First Women's Libido Rx Gets Green Light

Addyi (flibanserin), from Sprout Pharmaceuticals, approved to treat acquired, generalized hypoactive sexual desire disorder by FDA

/ Author:  / Reviewed by: Joseph V. Madia, MD Beth Bolt, RPh

(RxWiki News) The first-ever treatment for a sexual desire disorder just got a nod of approval from the US Food and Drug Administration (FDA) — but it came with a warning.

On Tuesday, the FDA approved Addyi (flibanserin) to treat acquired, generalized hypoactive sexual desire disorder (HSDD) in premenopausal women. The agency did, however, send the drug forward with a black box warning.

“Because of a potentially serious interaction with alcohol, treatment with Addyi will only be available through certified health care professionals and certified pharmacies,” said Janet Woodcock, MD, director of the FDA’s Center for Drug Evaluation and Research, in a press release. “Patients and prescribers should fully understand the risks associated with the use of Addyi before considering treatment.”

The black box warning notes that HSDD patients taking Addyi could experience dangerously low blood pressure or loss of consciousness — particularly if they drink alcohol.

HSDD is a disorder marked by low sex drive. HSDD patients often feel stress or anxiety surrounding their lack of sexual desire.

“Today’s approval provides women distressed by their low sexual desire with an approved treatment option,” Dr. Woodcock said. “The FDA strives to protect and advance the health of women, and we are committed to supporting the development of safe and effective treatments for female sexual dysfunction.”

Addyi's approval does mark a first in the pharmaceutical industry.

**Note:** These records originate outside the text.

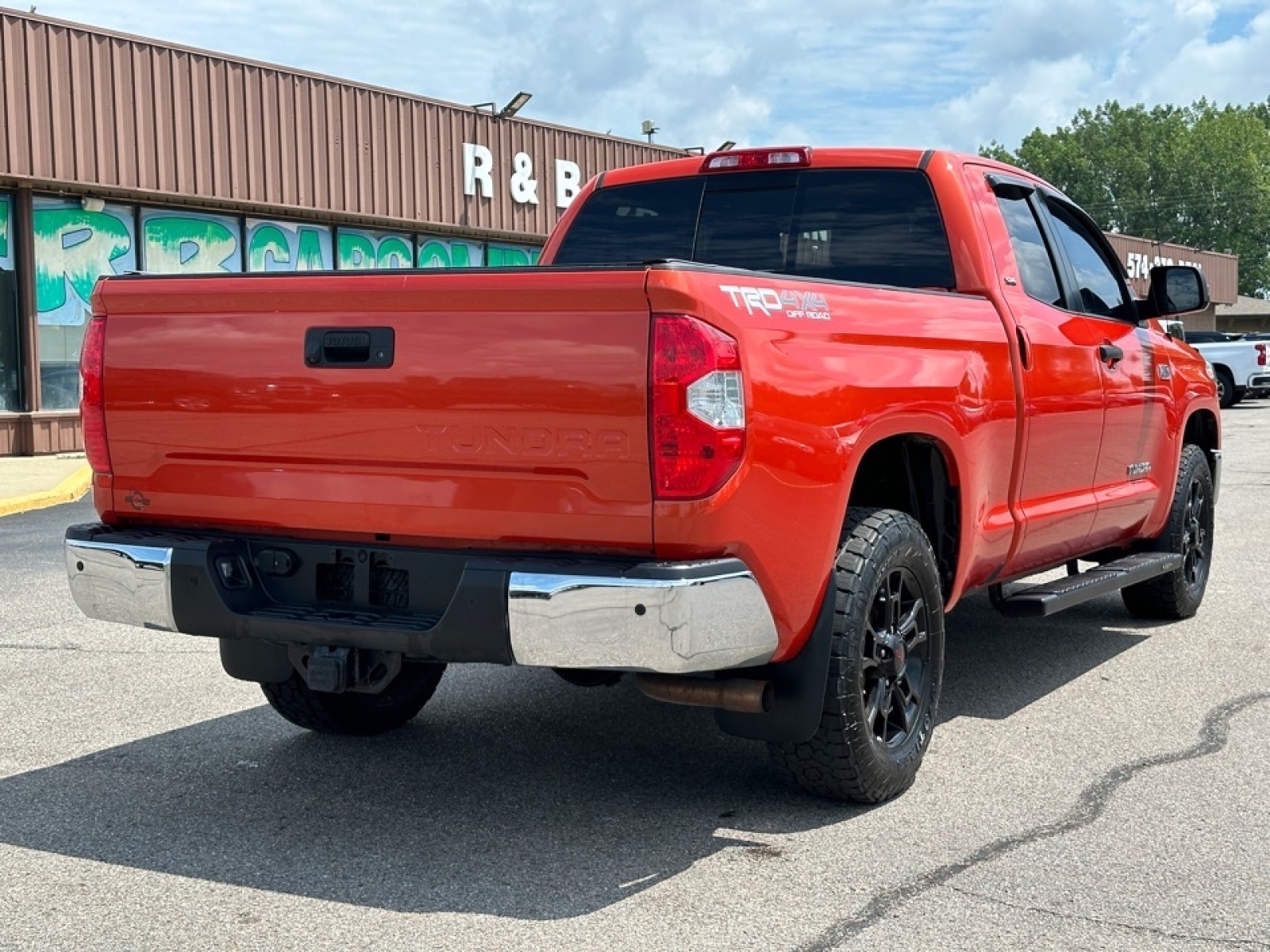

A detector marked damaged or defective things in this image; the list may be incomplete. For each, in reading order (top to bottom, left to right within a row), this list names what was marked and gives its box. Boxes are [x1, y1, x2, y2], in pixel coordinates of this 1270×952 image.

crack in asphalt [797, 695, 1264, 952]
crack in asphalt [955, 883, 1270, 949]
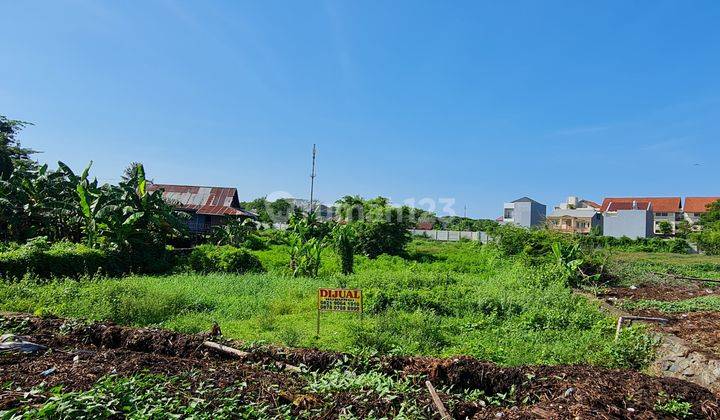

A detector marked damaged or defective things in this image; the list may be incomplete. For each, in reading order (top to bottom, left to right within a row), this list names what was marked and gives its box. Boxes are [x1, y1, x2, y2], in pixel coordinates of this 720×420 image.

rusty roof [148, 183, 258, 218]
rusty roof [600, 197, 680, 213]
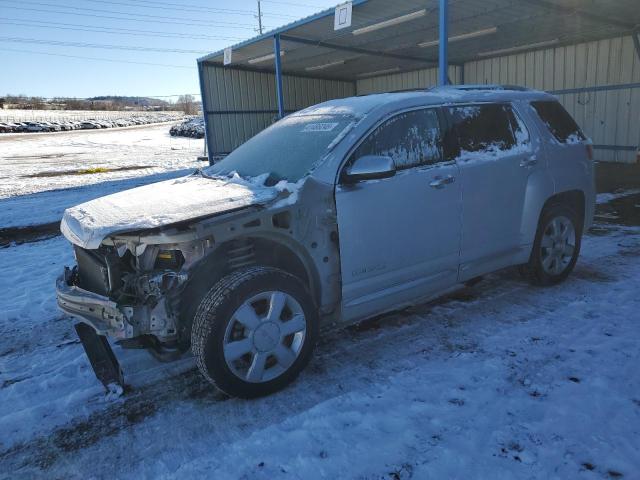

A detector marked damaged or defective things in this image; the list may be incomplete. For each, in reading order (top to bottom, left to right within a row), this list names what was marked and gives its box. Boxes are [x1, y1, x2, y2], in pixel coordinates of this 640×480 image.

crumpled hood [61, 173, 278, 248]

Before the new drug's approval, the FDA had not approved any medications — for women or men — that treated sexual desire disorders.

According to the FDA, it's not yet clear how the Sprout Pharmaceuticals drug boosts sex drive in premenopausal women. However, the once-daily medication did appear to work in three large studies of premenopausal HSDD patients. Compared to a fake treatment (placebo), Addyi was tied to 0.5 more satisfying sexual events per month on average.

Furthermore, patients taking Addyi said they felt less anxiety and stress tied to their HSDD.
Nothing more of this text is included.